Description of the task: Output the data word for word, dropping every image.

[Image-text web data]
§ §
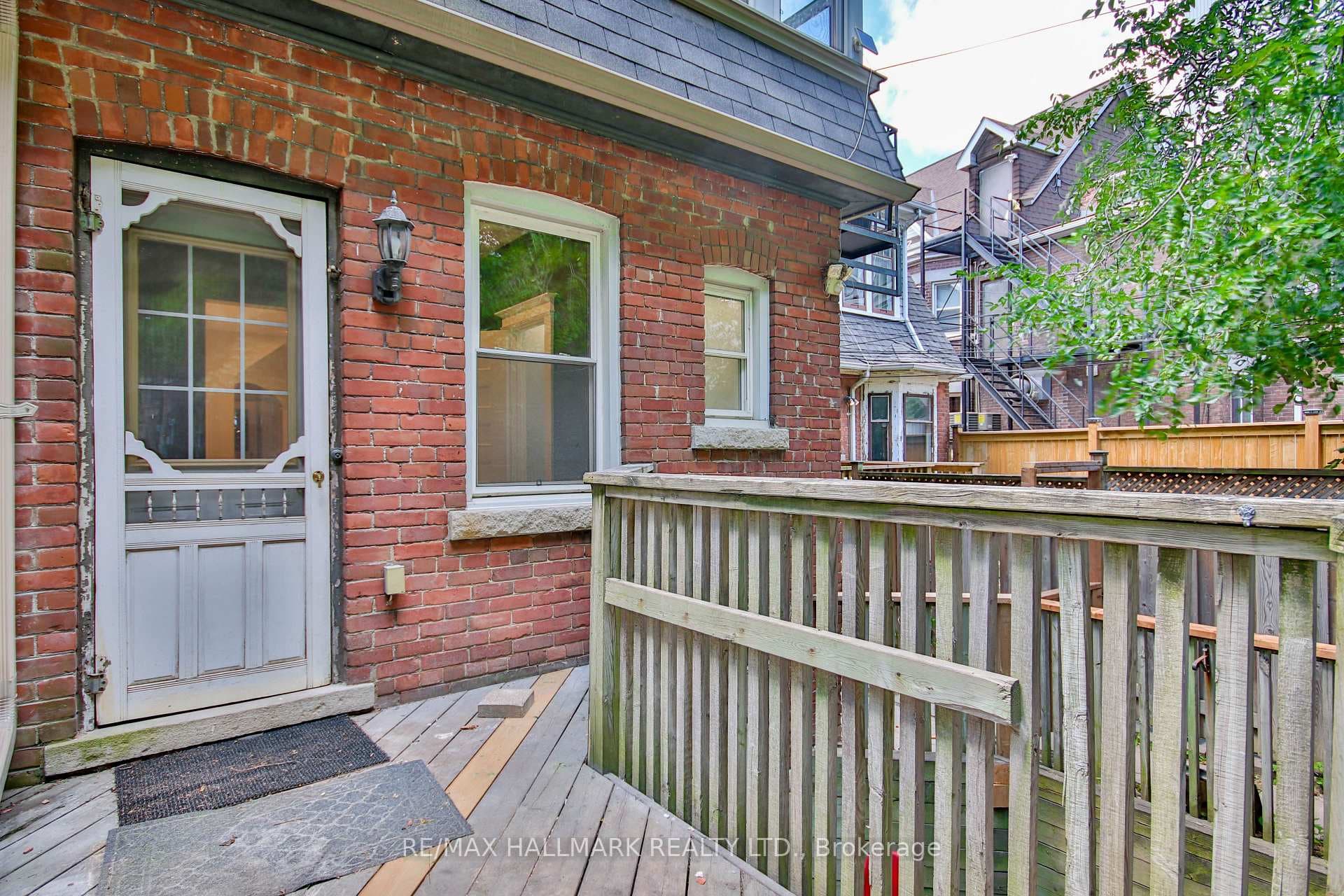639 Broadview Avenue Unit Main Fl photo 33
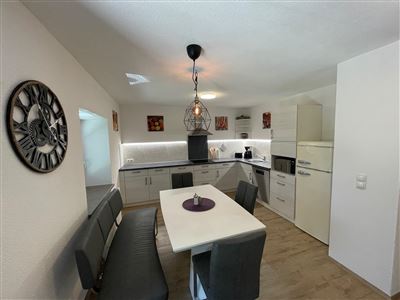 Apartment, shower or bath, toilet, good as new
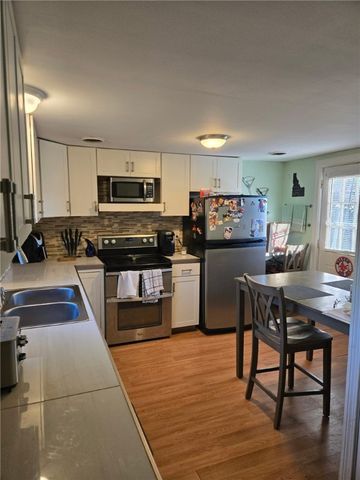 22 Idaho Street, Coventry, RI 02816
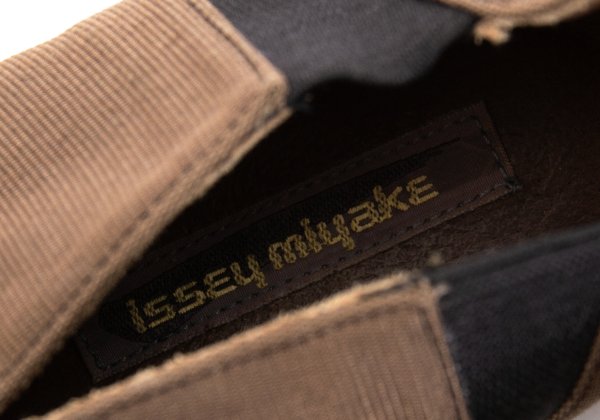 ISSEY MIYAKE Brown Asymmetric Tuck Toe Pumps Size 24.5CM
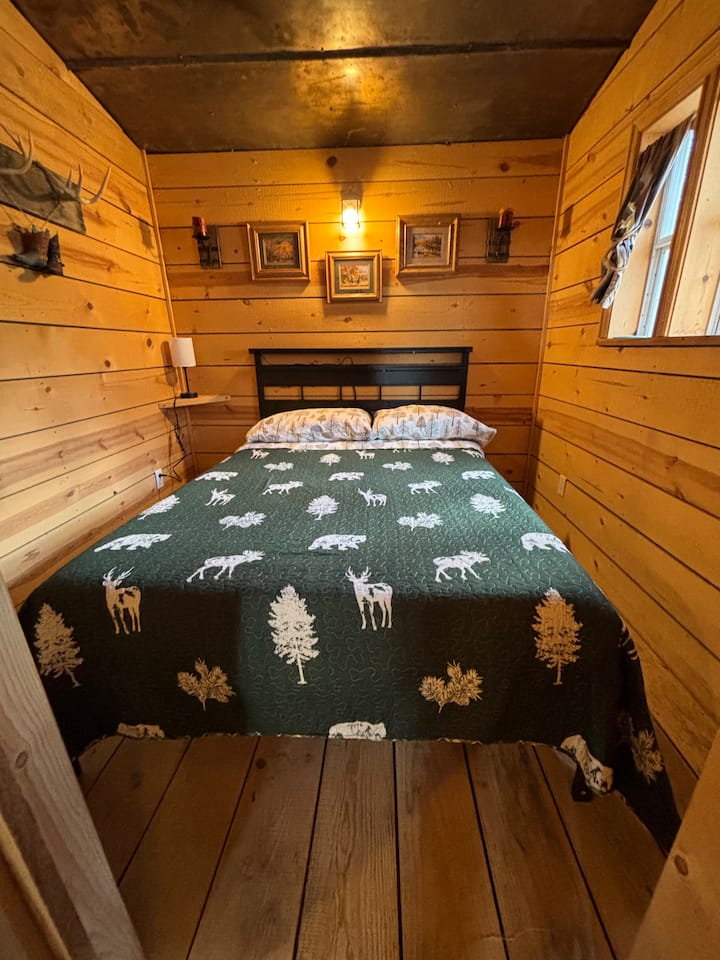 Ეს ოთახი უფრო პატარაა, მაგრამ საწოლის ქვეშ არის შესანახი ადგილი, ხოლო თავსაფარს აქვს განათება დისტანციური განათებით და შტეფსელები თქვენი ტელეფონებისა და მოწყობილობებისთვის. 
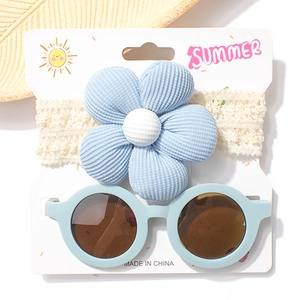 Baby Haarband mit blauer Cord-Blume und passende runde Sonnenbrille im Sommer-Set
§ §
Reply to the exercise:
639 Broadview Avenue Unit Main Fl photo 33
 Apartment, shower or bath, toilet, good as new
 22 Idaho Street, Coventry, RI 02816
 ISSEY MIYAKE Brown Asymmetric Tuck Toe Pumps Size 24.5CM
 Ეს ოთახი უფრო პატარაა, მაგრამ საწოლის ქვეშ არის შესანახი ადგილი, ხოლო თავსაფარს აქვს განათება დისტანციური განათებით და შტეფსელები თქვენი ტელეფონებისა და მოწყობილობებისთვის. 
 Baby Haarband mit blauer Cord-Blume und passende runde Sonnenbrille im Sommer-Set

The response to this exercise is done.